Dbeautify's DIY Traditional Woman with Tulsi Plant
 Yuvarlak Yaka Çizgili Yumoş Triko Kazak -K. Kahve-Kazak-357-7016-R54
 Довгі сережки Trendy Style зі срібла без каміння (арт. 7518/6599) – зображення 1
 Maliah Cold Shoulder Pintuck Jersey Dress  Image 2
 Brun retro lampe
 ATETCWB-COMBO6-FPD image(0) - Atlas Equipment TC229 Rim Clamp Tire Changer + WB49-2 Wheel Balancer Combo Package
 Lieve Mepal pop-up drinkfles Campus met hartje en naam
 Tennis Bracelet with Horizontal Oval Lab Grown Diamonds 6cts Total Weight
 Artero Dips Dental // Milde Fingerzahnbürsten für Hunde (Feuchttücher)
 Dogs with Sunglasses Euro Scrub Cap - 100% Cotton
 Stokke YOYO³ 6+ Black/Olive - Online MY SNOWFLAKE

========

### Task prompt
The data must be given again in full. Keep every line identical.

### Solution to the exercise
Dbeautify's DIY Traditional Woman with Tulsi Plant
 Yuvarlak Yaka Çizgili Yumoş Triko Kazak -K. Kahve-Kazak-357-7016-R54
 Довгі сережки Trendy Style зі срібла без каміння (арт. 7518/6599) – зображення 1
 Maliah Cold Shoulder Pintuck Jersey Dress  Image 2
 Brun retro lampe
 ATETCWB-COMBO6-FPD image(0) - Atlas Equipment TC229 Rim Clamp Tire Changer + WB49-2 Wheel Balancer Combo Package
 Lieve Mepal pop-up drinkfles Campus met hartje en naam
 Tennis Bracelet with Horizontal Oval Lab Grown Diamonds 6cts Total Weight
 Artero Dips Dental // Milde Fingerzahnbürsten für Hunde (Feuchttücher)
 Dogs with Sunglasses Euro Scrub Cap - 100% Cotton
 Stokke YOYO³ 6+ Black/Olive - Online MY SNOWFLAKE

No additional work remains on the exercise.